In previous iterations of jruby-ehcache we took the approach of providing Ruby wrapper classes to encapsulate the functionality of Ehcache behind a nice Ruby interface. This had the advantage of making the API more idiomatic to Ruby, but it also meant that we did not provide full API coverage and that any time the Ehcache API changed we also had to update our Ruby wrapper API to accommodate the changes. As you can imagine, we weren't entirely satisfied with this approach and so went in search of a better mechanism. It turns out that JRuby's Java integration combined with Ruby's dynamic open classes provide exactly what we need for this.

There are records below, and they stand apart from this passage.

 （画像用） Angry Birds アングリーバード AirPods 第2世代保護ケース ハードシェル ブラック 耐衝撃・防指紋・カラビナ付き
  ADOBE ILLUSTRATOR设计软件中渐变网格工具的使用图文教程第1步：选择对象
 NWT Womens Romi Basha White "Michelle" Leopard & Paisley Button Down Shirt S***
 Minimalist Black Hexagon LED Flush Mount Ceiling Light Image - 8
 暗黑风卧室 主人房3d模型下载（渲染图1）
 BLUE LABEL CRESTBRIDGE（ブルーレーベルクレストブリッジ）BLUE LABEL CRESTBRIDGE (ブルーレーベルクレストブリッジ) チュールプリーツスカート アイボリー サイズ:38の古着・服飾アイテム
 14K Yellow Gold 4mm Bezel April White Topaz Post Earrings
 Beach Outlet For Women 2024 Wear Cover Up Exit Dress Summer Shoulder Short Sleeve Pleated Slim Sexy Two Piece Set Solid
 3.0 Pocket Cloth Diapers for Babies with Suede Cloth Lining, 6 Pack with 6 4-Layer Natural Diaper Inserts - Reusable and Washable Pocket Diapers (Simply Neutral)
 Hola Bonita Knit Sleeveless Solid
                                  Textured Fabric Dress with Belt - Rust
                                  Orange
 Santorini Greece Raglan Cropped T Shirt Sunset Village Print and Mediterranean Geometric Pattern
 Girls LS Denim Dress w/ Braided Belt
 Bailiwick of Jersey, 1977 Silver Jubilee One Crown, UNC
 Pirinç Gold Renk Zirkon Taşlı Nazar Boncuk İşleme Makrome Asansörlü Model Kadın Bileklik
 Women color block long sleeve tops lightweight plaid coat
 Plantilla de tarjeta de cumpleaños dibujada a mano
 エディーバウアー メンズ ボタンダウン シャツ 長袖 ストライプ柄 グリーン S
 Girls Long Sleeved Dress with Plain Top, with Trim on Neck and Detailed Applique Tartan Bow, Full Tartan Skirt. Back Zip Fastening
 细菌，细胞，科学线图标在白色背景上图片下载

The Java integration provided by JRuby makes it incredibly easy to use any Java API from Ruby code. All that is required is adding a simple require 'java' to your Ruby code and the whole of the Java landscape is opened up to you. We built on top of this in the latest jruby-ehcache gem by having the gem automatically set up the CLASSPATH and invoke require 'java'for you, and now with one line of code you instantly have the complete Ehcache API available to your Ruby application:

require 'ehcache'

With that one line of code in place, you can now use any part of the Ehcache API just as you would in a Java application, and JRuby even provides some extra niceties to make the Java API more Ruby-friendly:

require 'ehcache'
  cache_manager =
  cache = cache_manager.getCache("myCache")
  cache.put("answer", "42")
  answer = cache.get("answer")  # Returns Ehcache Element object
  puts "Answer: #{answer.value}"
  question = cache.get("question") # Returns nil
  if question
    puts "Question: #{question.value}"
    puts "I don't know the question"

I won't cover every detail of JRuby Java integration (see Calling Java From Ruby on the JRuby wiki for full details), but I do want to point out a couple of important details. First, notice how Java classes are referenced from Ruby code. The expression Java::NetSfEhcache::CacheManager is a reference to the Java class net.sf.ehcache.CacheManager. More generally, any Java class can be accessed within the Java module by transforming the package path by removing the dots and converting to CamelCase. Second, JRuby performs some magic to convert Java method names and JavaBeans property accessors to more Ruby-like equivalents. Thus, you can call the getCache method in any of three ways: getCache, get_cache, or simply cache.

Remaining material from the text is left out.